Other things that I don’t understand about my background is why my parents and Pastor Pete’s parents used certain words to describe things that had nothing to do with what they were describing. Our parents spoke Friesian which is one of the two languages that are spoken in the Netherlands.

For example, when my father was really upset with me, he would call me a sipel. I was told by my mother that it was a terrible word and I should never use it, but after being married for a few years, I finally had the perfect opportunity to use it. I shouted in frustration, “You are such a sipel.” Pastor Pete started laughing and said, “Why did you call me an onion?”

Pastor Pete’s mother’s frustration with him when he was a middle schooler led her to call him a ferfelend postsegel which is translated to an uncooperative postage stamp, the kind that you lick and then it gets stuck to your fingers and you can’t get it off. For me, this translation was perfect! I knew him then and indeed he was a ferfelend postsegel.

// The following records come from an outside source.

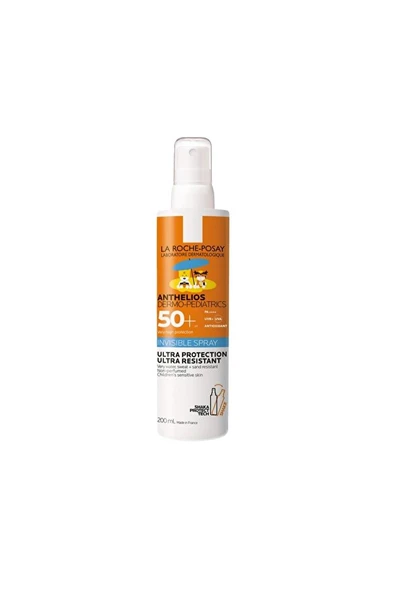 La Roche Posay Anthelios Dermo Pediatrics Invisible Sprey SPF50+ 200 ml ürün görseli 1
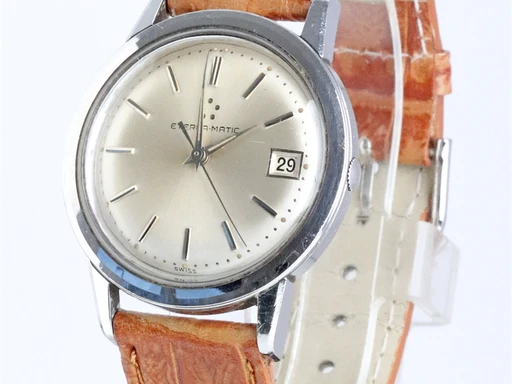 Title: Matic
Brand: Eterna
Model: KU3604
Ref: KU3604
Category: Dress
Diameter: 35mm
Functions: Dato
Year: 1960
Price: 4000
Condition: 6.0
Dial Color: Sølv
Strap: Læder
Case material: Stål
Gender: Herre
Match: 100.0%
Billedet er ejet af Krognos (102284) Et Eterna ur
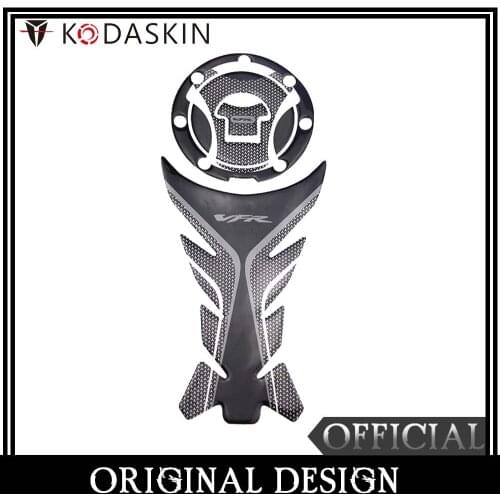 KODASKIN 3D Gas Cap Fuel Tank Pad Printing Sticker Decal Protection for HONDA VFR800 VFR1200 Grey Color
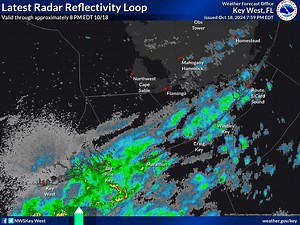***OUTDATED*** Here is the latest radar loop across the #FloridaKeys. Numerous showers are moving rapidly west southwestward ~35 mph. This is expected to continue for the next few hours. Key West has recently been dry but the rain is knocking on the doorstep again and expected to move within the next hour if it holds together. #flwx #KeyWest #MarathonFL #KeyLargo | US National Weather Service Key West Florida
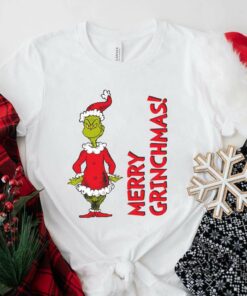 The Grinch Santa Claus Christmas T-Shirt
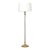 Art Deco Fluted Glass & Brass Floor Lamp For Sale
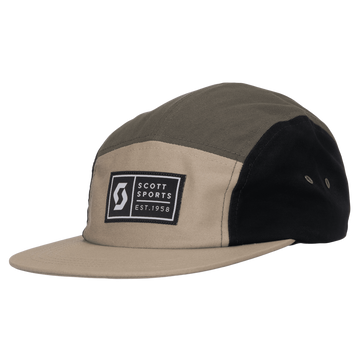 SCOTT 5-Panel Kappe - Toast Beige - Black - F26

I have known this uncooperative postage stamp my entire life and have been blessed every moment. By the decisions that Pastor Pete made regarding where he would serve as a pastor has allowed me to have experiences that I would have never expected.

I have had experiences that challenged me in ways I never thought were possible. Writing for The Friday Flyer for the past four years is perhaps the most amazing experience of all. Keeping up with deadlines has been a challenge but writing about the lives of individuals whose lives have blessed so many has been amazing.

As I close this chapter of my life as a photographer, journalist and columnist, I only wish that many of you, my readers, could have given me my grade for English in my junior and senior high school years. Perhaps, I would have earned a grade higher than the persistent D that seemed to follow me every year.

What have I learned the past four years about life? Laughter is healing. Laughing at yourself is life-changing!